Girl posing adjusted with Red option of the Black and White filter of CheapSkate photo editing software, from MLR Software at mlrsoftware.com.
Red filter option.
Girl posing adjusted with the Blue option of the Black and White filter of CheapSkate photo editing software, from MLR Software at mlrsoftware.com.
Blue filter option.
In this photo, a woman is standing in full sunlight, making her image a little over-exposed. As you can see, the Red filter makes her skin appear unnaturally bright (brighter than her smile even), and the Blue filter, although not terrible, makes her look like she has a dark tan. Of course, if her skin wasn't so light in the original photo, the blue filter would make her look even darker.
These photos are copyright 2013 John Frattura
Girl Posing adjust with the Green option of the Black and White filter of CheapSkate photo editing software, from MLR Software at mlrsoftware.com. Learn how to use the Black and White filter of CheapSkate, the free photo editing software, from MLR Software, at mlrsoftware.com.
Green filter option.
Although it's purely a subjective thing, in most cases, whether light skinned or dark, one of the other filter options would be better at converting a color portrait to Black and White.
For my money, the Green filter works best with this particular photo. Of course, there are times when a user might be looking to achieve something totally unnatural looking. Ghostly pale skin, glowing eyes, and any number of unusual effects can be acheived by experimenting with the different Black and White filter options. One possibility is to try tinting the color of the original image to something unusual, before converting to Black and White. Since it will end up as a grayscale image anyway, it won't matter how unnatural the color tint of the original is, before converting.
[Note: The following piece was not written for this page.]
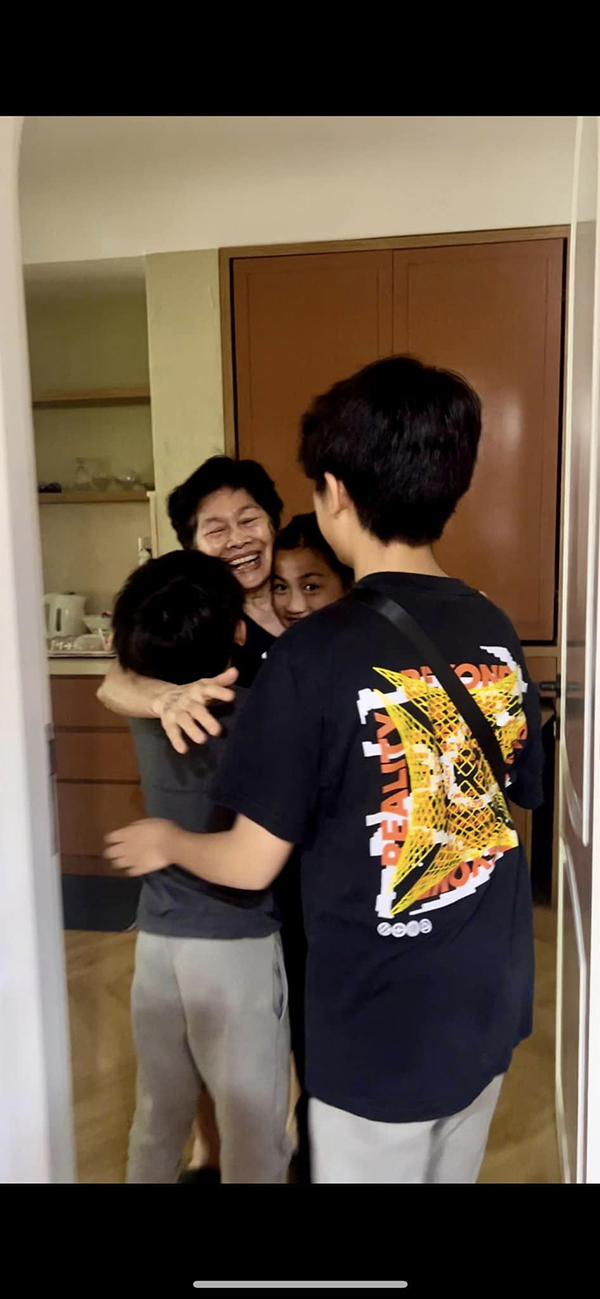 Ốc Thanh Vân đưa các con về Việt Nam hội ngộ chồng và gia đình-2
Many websites, such as Flickr and Ipernity, have (100's of) groups devoted to Black and White photography. Each of these sites contain millions of users, and are both free to join. Flickr in particular used to have tons of great Black and White photographers showcasing their stuff, and sharing ideas with amatures and pros alike. Although in the last year or so, a lot of professional photographers have bailed out of Flickr in favor of Ipernity, you can still find tons of great Black and White photos, and many Black and White photographers on both sites, to learn from.